The project, inspired by Melissa’s reunion with her Sri Lankan birth family 25 years after she was adopted by a British couple, has raised more than £57,900.

Melissa, who lives in Ipswich and runs Niroshini Cosmetic Acupuncture, originally had a £12,000 target to buy a 52-seater bus for Tea Leaf Vision, an education project run by a UK-based charity to help young people escape poverty on Sri Lanka’s tea estates.

But thanks to a Rotary International grant, the project will also fund a new mobile library to help literacy skills in 25 schools, pay for bus maintenance, a driver and three teaching staff for a year.

Melissa’s link-up with Tea Leaf Vision came after she tracked down her birth family on a tea plantation in Sri Lanka and learned poverty had been a major factor in her adoption.

“Had I not been adopted as a baby I would be one of those workers struggling with back-breaking seasonal work for very low pay,” she says. “Meeting my birth family was incredible but it was heartbreaking to see their poverty and how lack of education imprisons generation after generation.”

Melissa’s brothers, Ashok and Arun, started a Tea Leaf Vision programme in 2015. Ashok has since become supervisor of a direct trade plantation, with which Melissa is working to launch her own Niroshini Tea. Arun left early due to poor mental health but has since set up his own farming business.

Melissa’s work was supported by Sarah Brown, wife of former prime minister Gordon Brown, and comedian Romesh Ranganathan. She was also shortlisted for a Women of the Future Award in 2016.

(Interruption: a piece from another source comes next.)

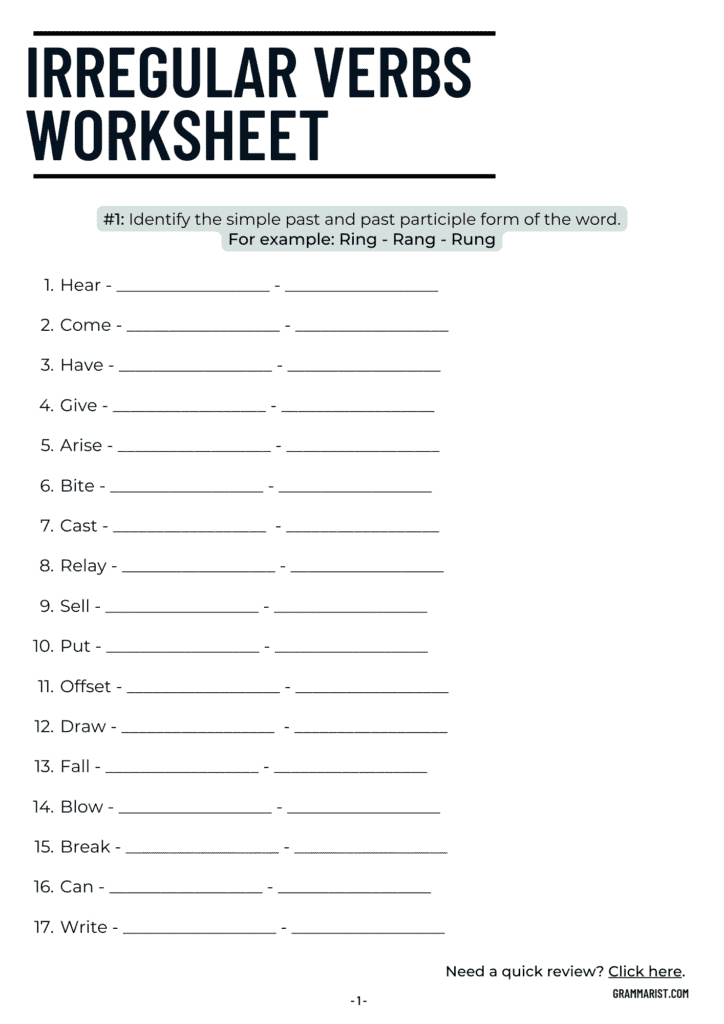 Irregular Verbs Exercises With Printable Worksheet 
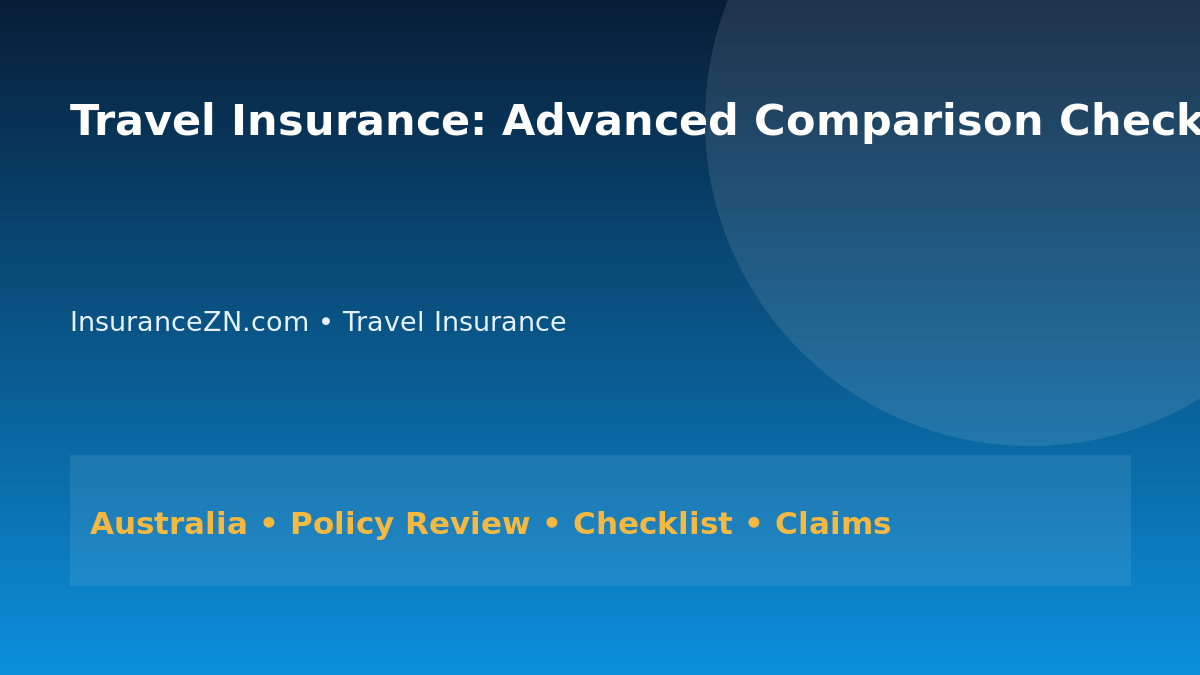 Travel Insurance: Advanced Comparison Checklist for Australians 2026 - InsuranceZN Australian insurance guide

Through Rotary International’s Global Grant scheme, the £8,500 she originally raised was leveraged to almost £58,000.

““The project has become so much more than a bus,” says Melissa. “I cannot thank the Rotary for making this project into something beyond my wildest dreams.”

Tea Leaf Vision founder Tim Pare added: “To date, Tea Leaf Vision has struggled to meet the huge need from tea plantation schools - this mobile library will make a huge difference.”